Setup an AWS account
Sign up and get started from the Amazon Redshift detail page or via the AWS Management Console
Install SQL Client Drivers and Tools
Configure Firewall Rules
Create a Redshift Cluster
Create a database schema based on your requirement in the cluster
Use an ETL framework to populate the Data warehouse

For more details on how to get started with Amazon Redshift for free check the link,

Getting started with Amazon Redshift

Setting up AWS account

AWS-Account-Setup-

Figure 1: AWS Account Setup

Enter your Payment Information, select a support plan and click Confirm

Click Redshift option on the launch screen to land on the Redshift Dashboard

Setting up your Cluster

The first step to create a data warehouse is to launch a set of nodes, called an Amazon Redshift cluster. Once you plan your cluster, the data set can be uploaded and data analysis queries can be performed. Regardless of the size of the data set, Amazon Redshift offers fast query performance using the same SQL-based tools and business intelligence applications irrespective of the data set size.

Types of nodes to be used play a crucial role while setting up a cluster. There are two types of nodes namely Dense Compute and Dense Storage.

Dense Compute has less storage but it has better performance and speed. When you have more data to be queried, you need a high computing capacity to render the queries. This is the type of instances to use if you need a high-performance data warehouse.

The Dense Storage cluster is designed for big data warehouses. You can create large data warehouses using hard disk drives (HDDs) at a significantly lesser price point.

It is easy to scale your cluster or switch between node types through a single API call or through few clicks in the AWS Console.

Setting up Permissions in Amazon Redshift

Redshift is predominantly used as a data storage warehouse wherein the data will flow in from an external system. Define networking and security settings for your Redshift instance to permission your system to Amazon Redshift in order to send your data.

Ensure that your Redshift Cluster is configured prior to setting up AR permissions. There are two types of Redshift clusters subnets:

EC2 Classic subnet
VPC subnet

For more details on how to authorize cluster access, refer Step 4: Authorize access to the cluster

Connecting and setting up Amazon Redshift Integration

In order to send your data you need to connect your Amazon Redshift instance to your source systems. Once it is connected, you can send your transactional, customer, marketing and sales data to any data warehouse like MS SQL Server or PostgreSQL. Add Amazon Redshift as the destination output to send your data.

To make Redshift publicly accessible, you’ll need to whitelist the IPs in your cluster’s network security group.
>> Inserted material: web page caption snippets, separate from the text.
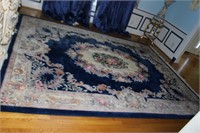 sculpted wool Chinese rug 9' x 12'  RHB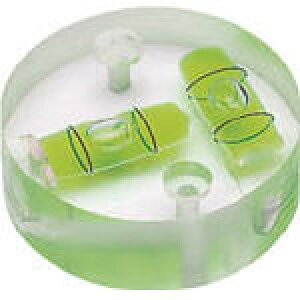 KOD 丸クロス型アイベル水平器(取付穴付)【CRTH-35】(測量用品・水平器)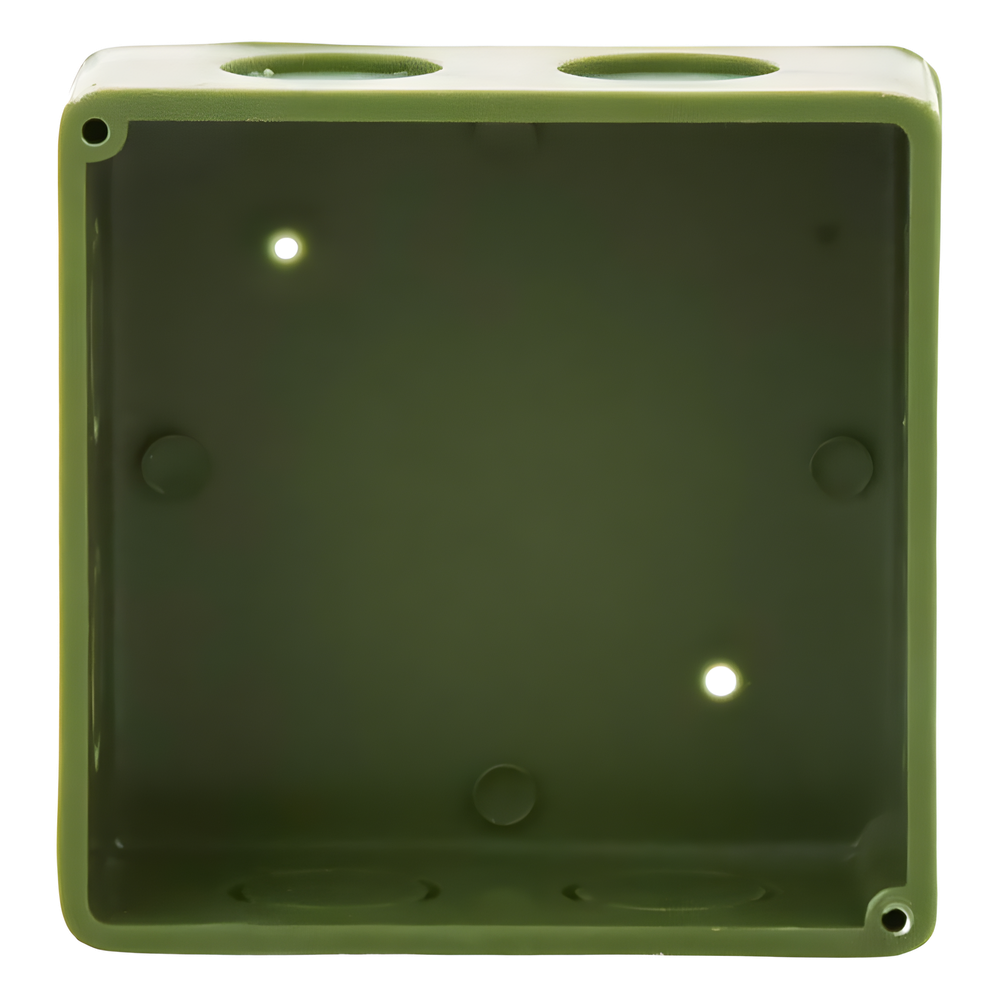Caja Cuadrada de 1/2" para Instalaciones de PVC Conduit Pesado.
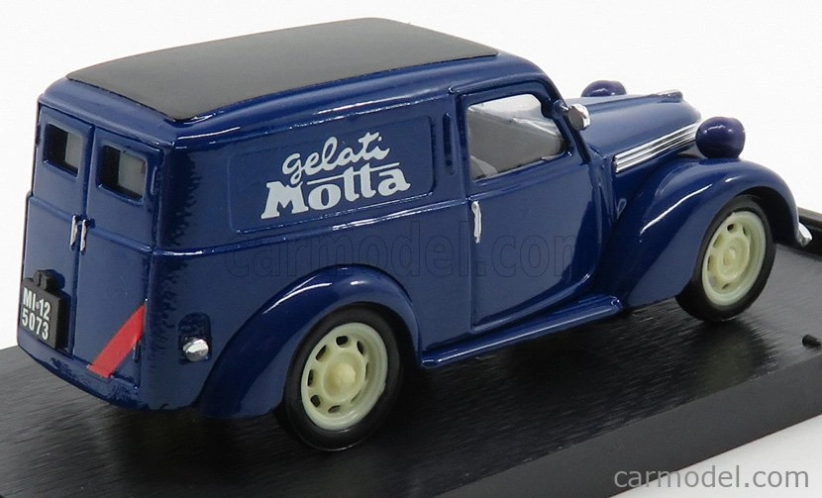 Brumm Fiat 1100 E Van Gelati Motta 1950 1:43 Blue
For clusters with a private IP in a VPC, setting up and connecting through a bastion host is required.

2. Pros of using Amazon Redshift

Business Productivity Benefits

Analyze more data
Faster time to market
Get better insights
Match capacity with Demand

Technical Benefits

Transition from unsustainable painful operations to efficient cost effective cluster, squeak-free operations, and grab a sizeable reduction of costs. Migration to Redshift from on-premise platform is made possible at a fraction of the cost.
Single source of truth – Organizations that have high data volumes require a unified and organized Database to handle not only the volume but also act as a source of truth which makes Redshift as the best solution provider.
Fast – You can run aggregations on hundreds of millions of rows in a few seconds. Very fast query performance due to columnar-storage databases that leverage the Massively Parallel Processing (MPP) capabilities of its data warehouse architecture. Petabyte-scale data warehouse, without any loss in performance and low cost:
- Parallel and Distributed Processing
- Less I/O Storage
- Hardware is optimized for I/O intensive workloads
- Enhanced Networking
- Regular movement of auto fixed enhancements
Economical
- Easy and Straightforward Pricing
- Leader nodes are not charged
- There are no upfront costs
Complete governance and control
- Ceaseless/progressive backup of your data to Amazon S3 and across regions
- Streaming restore
Fault Tolerance
- Amazon Redshift spontaneously recognized and changes any fizzled node in your data warehouse cluster. Hence the substituted note is made available immediately and the recently accessed data is loaded first to continue with querying without any time lag. Since Amazon Redshift reflects the data across the cluster, it utilizes the data from another node to reconstruct the fizzled node.
Built-in Security
- Data Load is encoded from Amazon S3
- Data in progress is secured by SSL enabled connections
- Amazon VPC allows only connections made from inside the network thus making network isolation possible
- Audit trailing to keep track of the transaction history. You can make use of AWS Cloud Trail to record the account activities
Vigorous
- Authorizes user-defined functions
- Uses Machine Learning and Data Science
Service Oriented Architecture (SOA)
Business Tools such as Tableau is supported
Supports all the data warehouse core features such as SCD1 and SCD2, and different schemas like the star schema
Set up a Disaster Recovery (DR) environment with a few clicks in the AR Management Console. Allows you to keep copies of your backups in multiple AWS regions and in the case of a service interruption in one AWS region, you can restore your cluster from the backup in a different AWS region, and gain read/write access to your cluster within a few minutes of initiating the restoring operation

Stay tuned for Part 3 of this 3 part series on Data Warehouse Migration to Amazon Redshift. Please send us a note with your queries and feedback.

Prabhu R Chennupati

Enterprise Consulting Architect

With over two decades of experience spanning enterprise architecture, data and solution architecture, strategic planning, and delivery leadership, Prabhu has significantly guided CDO organizations to develop data architecture strategies and roadmaps for diverse clients.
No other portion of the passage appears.